Pivetta's ERA: 4.77. 

His ERA was a full run higher than anyone else's on the list.

The big difference between Pivetta and those aces came not with home runs but with balls in play. Among pitchers with at least 150 innings, Pivetta had the third-highest rate of hits allowed, ahead of only Jon Gray and Dylan Bundy. Some of that can be attributed to hard contact. But there was also plenty of bad luck.

These days, it's common to see teams, writers and commentators refer to pitchers as being unlucky when their batting average on balls in play is higher than the league average. It's not always the case. Sometimes it's the easy way out.

Pivetta, though, actually was unlucky.

According to Sports Info Solutions, the Phillies' range and positioning cost Pivetta 24 runs last season — seven runs more than anyone in the majors. The Phillies, with their league-worst defense in 2018, had three of the top five pitchers in this unfortunate category, with Vince Velasquez and Zach Eflin tied for third at 14 runs.

Keep in mind that this is not referring to errors, but instead plays the defense didn't make behind Phillies starting pitchers that were deemed catchable or routine — grounders in the hole or past a diving player, bloops to the outfield that fell in because of how deep Odubel Herrera and Rhys Hoskins played.

Don't you know it, in Sunday's four-inning stint against the Orioles in Sarasota, Pivetta again dealt with some bad luck in the form of bloops and soft hits.

"I thought [his start last Sunday] was a really good example of some luck, some things that didn't go his way," manager Gabe Kapler said. "Some wind balls that stayed in the diamond that may have not otherwise, some balls that we just missed on defense. But he was still able to have a really great game. We know that that's in there.
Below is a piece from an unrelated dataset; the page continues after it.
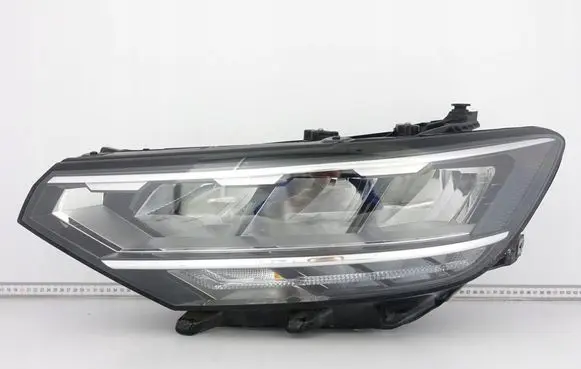 Volkswagen PASSAT B8 Headlight/headlamp 3G1941035Q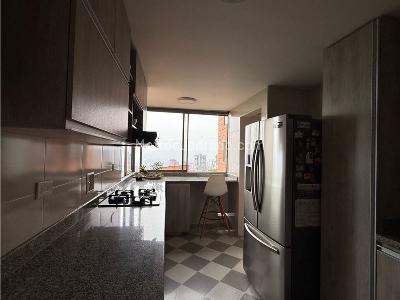 Apartamento de 3 alcobas en venta en El Tesoro, Medellín, 139 m² · foto 7 de 15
"And maybe the thing that will really take him to that next level is the mental focus, the mental intensity, the composure when things go just a tiny bit off the rails. Not completely but just a tiny bit off the rails. To keep it there and to kind of turn the arrow in the opposite direction. When things are trending in a way that doesn't look good for Nick and for the ballclub, that he's able to reverse the momentum."
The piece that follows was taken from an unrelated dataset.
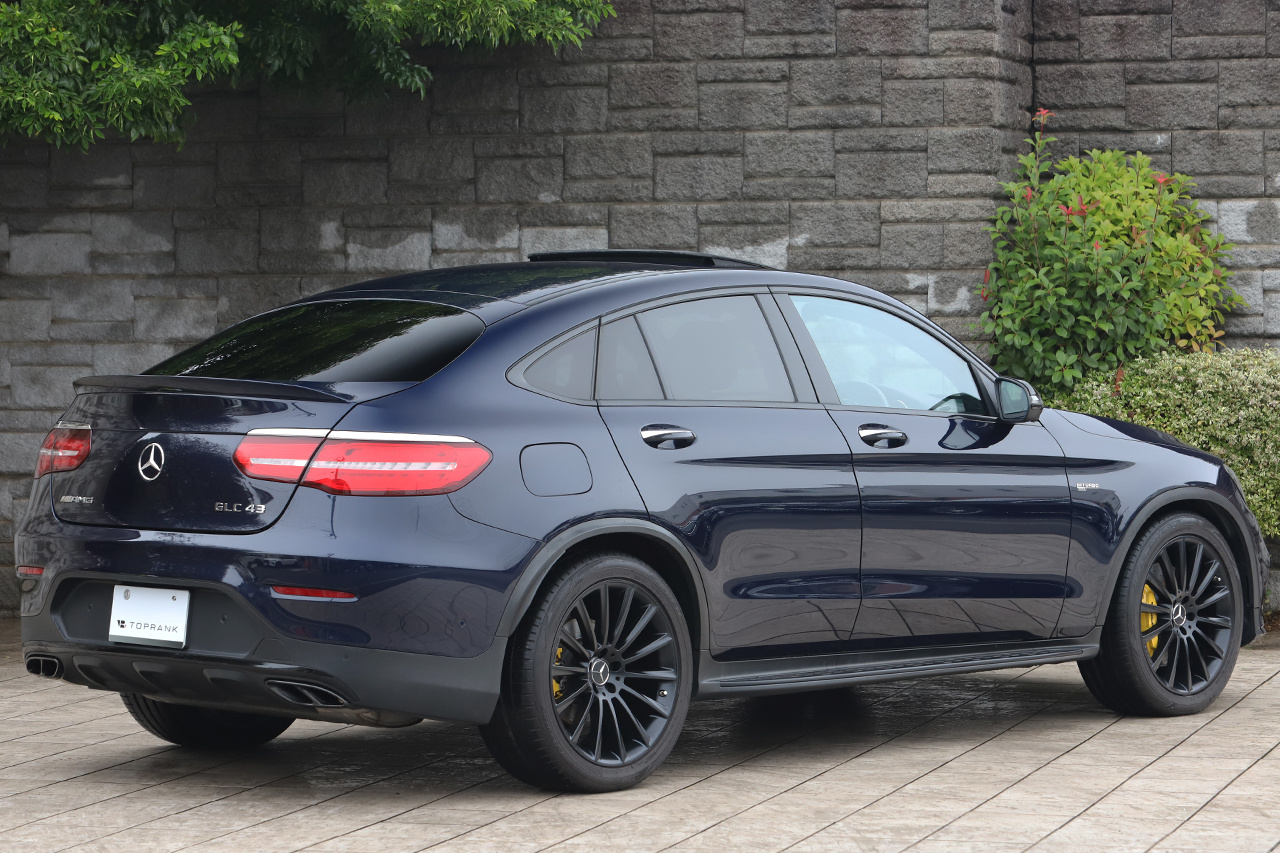 2017 Mercedes-AMG glc-class null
Pivetta is big on the mental side of competition. "Master your mind, master your life," his bio reads on his social media accounts. For him, it means blocking out the outside noise, negative or positive. Not getting caught up in external criticism but also not getting caught up in being labeled a 2019 breakout candidate, particularly in fantasy baseball circles.

Almost every young pitcher experiences growing pains early in his career. Pivetta, 26, is entering his third major-league season. 

"Rather than a light bulb that goes on, it's a gradual climb as you gain experience," Kapler said. "Like, oh yeah, I've been here before. When you're a kid, everything feels so tight. You feel like you've got this noose around your neck and it's getting tighter and tighter. I think as you mature, you realize that what has happened is over and this moment here is independent of what's happened prior to it."

The Phillies are not going to be a perfect defensive team in 2019 but there's no doubt they'll be better. It would be hard not to. 

Jean Segura is a better shortstop than Scott Kingery. 

Andrew McCutchen is a much better leftfielder than Hoskins. 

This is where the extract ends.